A minor quibble - it is very difficult to find a paradigm in which the running time of the proposed algorithm differs from simply choosing the best of the obvious algorithms.

Line at a time takes O( max(w,h) ). Binary searching each row and column separately takes O( min(w,h) log(max(w,h) ). Therefore, implementing both basic algorithms and using the faster one at run-time will run in time O(min(max(w,h), min(w,h)log(max(w,h)).

Which is very close to the proposed run-time - unfortunately so much so that it is very hard to find a sequence of (w,h) for which the proposed algorithm works asymptotically better than simply doing "the obvious thing".

But it is possible! And the lower bounds are nice!
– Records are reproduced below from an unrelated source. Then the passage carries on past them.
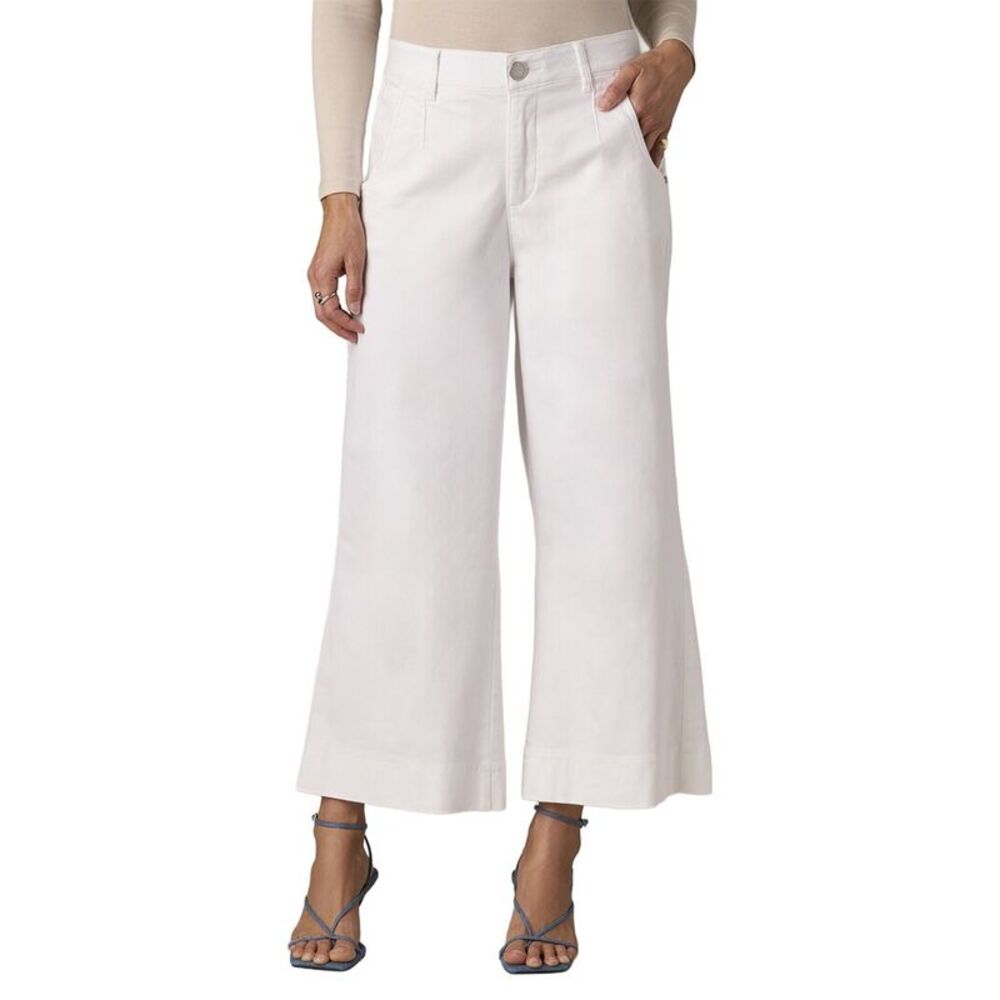 Wit & Wisdom Womens Optic White Whitney Skyrise Crop Wide Leg Jean, White
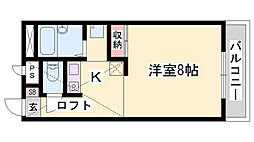 レオパレスレヴェルベール1 1Kの間取図画像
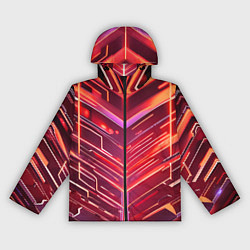 Ветровка с капюшоном женская Красные неон полосы киберпанк, цвет: 3D-черный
I (the author) actually did lose a lot of time trying to prove those weren't the same bound! Eventually I found a variable assignment that made it obvious:

    let w = n/log(n)
    let h = n

    (Note: I use ↑ and ↓ as binary operators for max and min.)
    (Note: @= means asymptotically equal. Analogous for @<.)
     
    'switching'
    @= (w ↑ h) ↓ ((w ↓ h) log(w ↑ h))
    @= (n/log(n) ↑ n) ↓ ((n/log(n) ↓ n) log(n/log(n) ↑ n))
    @= n ↓ (n/log(n) log(n))
    @= n

    'lower'    
    @= ((w ↓ h) log((w ↑ h)/(w ↓ h))
    @= n/log(n) log(n/(n/log(n))
    @= n log(log(n)) / log(n)
    @< n


Very nice! I'm glad that you worried about this and I have to admit that your asymptotic example is nicer than mine.